Nouveau souffle pour l’accessibilité
Aujourd’hui, une obligation réglementaire contraint les organismes délégataires d’une mission de service public, comme la MSA, à se conformer au référentiel général d’accessibilité pour les administrations (voir encadré). « Nos marchés publics et nos développements doivent tenir compte des problèmes d’accessibilité numérique », avance Christophe Jourdain, auditeur en accessibilité numérique.
Les développeurs de la MSA imaginent les scénarios que peuvent rencontrer les personnes handicapées utilisant le site Internet et tentent de mettre en place des solutions dès le lancement des projets informatiques. Une démarche efficace puisqu’elle permet de répondre à un maximum de situations handicapantes et serait, en plus, économique à long terme :
« On considère un surcoût de 5 à 10 % si l’accessibilité est prise en compte dès le début du projet, contre 40 % si on intervient en cours de projet », souligne Christophe Jourdain. Malheureusement, la plupart des entreprises estiment que l’utilisation est trop occasionnelle pour investir dans des solutions.
Des efforts à encourager
« C’est vrai qu’à une époque, des entreprise comme Orange ou Epson ont fait des tentatives dans ce domaine. Mais les tarifications étaient tellement chères que ce n’était pas viable économiquement, concède Gérard Uzan. Aujourd’hui, les prix ont largement baissé et l’augmentation de la fiabilité des connexions permet de repenser le problème autrement. C’est le moment de donner un nouveau souffle à ce type d’initiative. »

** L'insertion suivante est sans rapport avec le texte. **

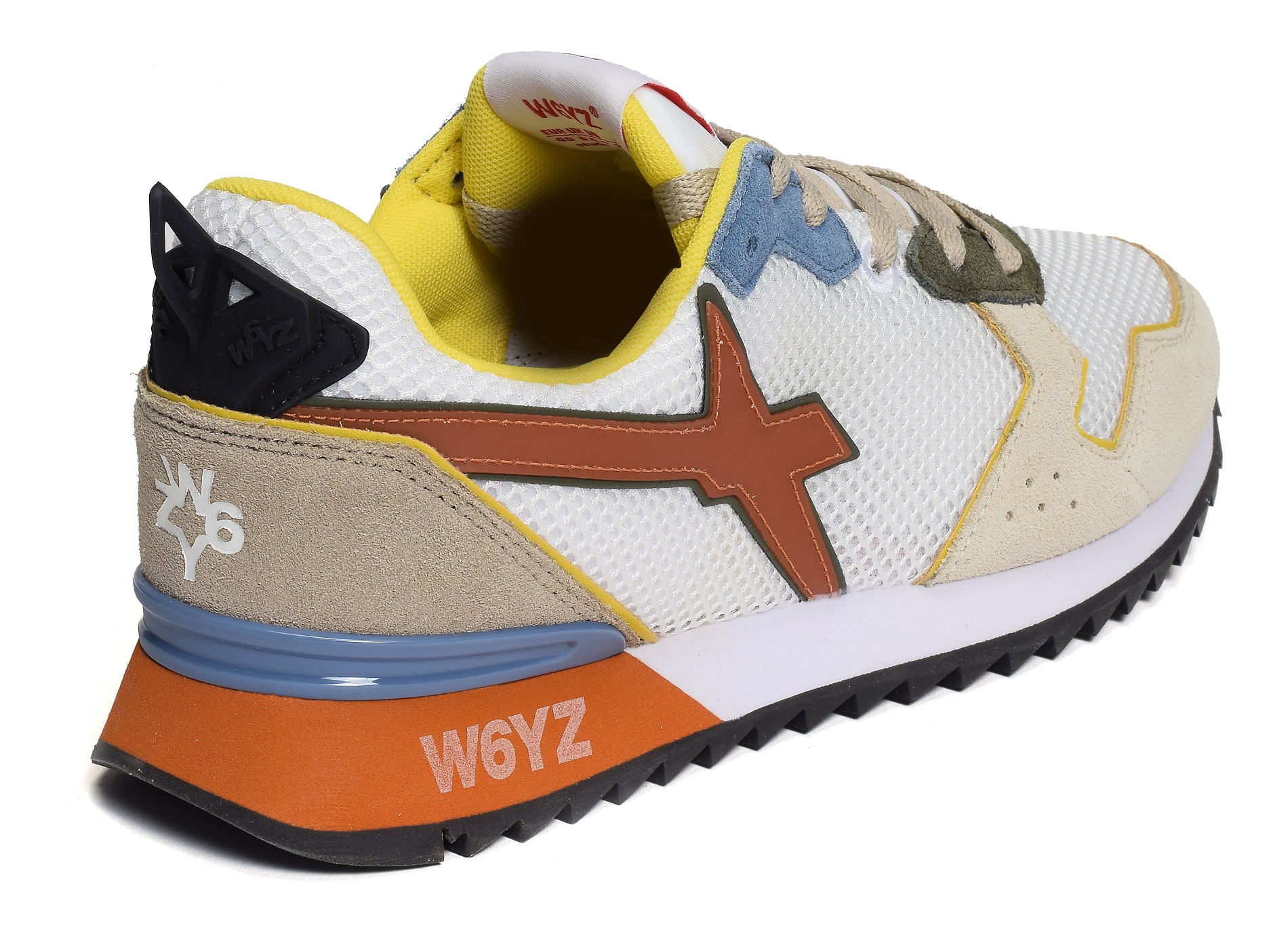 Jet m blanc multicolore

Côté administrations, des efforts sont faits, mais ils restent souvent insuffisants : « Les études démarrées en France en 2000 montrent que l’accessibilité des sites Internet est seulement de 5 % pour les sites administratifs, si on considère la page d’accueil et les pages branches de celle-ci. Ensuite, lorsqu’on navigue sur les suivantes, les pages ne sont plus accessibles… »
Interface pour sourds et malentendants
La MSA travaille actuellement sur la mise en place d’une interface qui jouerait le rôle d’intermédiaire entre les personnes sourdes ou malentendantes et les agents de la MSA, sur l’accueil téléphonique et les sites Internet. « Près de 8 % de la population française souffre de problèmes auditifs, affirme Maryse Aïo. Cette réalité étant là, il faut pouvoir favoriser les échanges. »
Le projet vise à mettre en place, avec l’aide d’un prestataire, un service à disposition des ressortissants, partenaires ou fournisseurs sourds ou malentendants, qui leur permettrait, via une plate-forme, de recevoir une réponse orale ou écrite de l’agent MSA. Par le biais d’un smartphone, un traducteur en langue des signes rendrait également possible l’échange et la bonne compréhension. « Ce système sera en test début 2018 en vue d’être déployé à l’ensemble des caisses », annonce Maryse Aïo.
Preuve que le handicap peut aussi être un moteur d’innovations.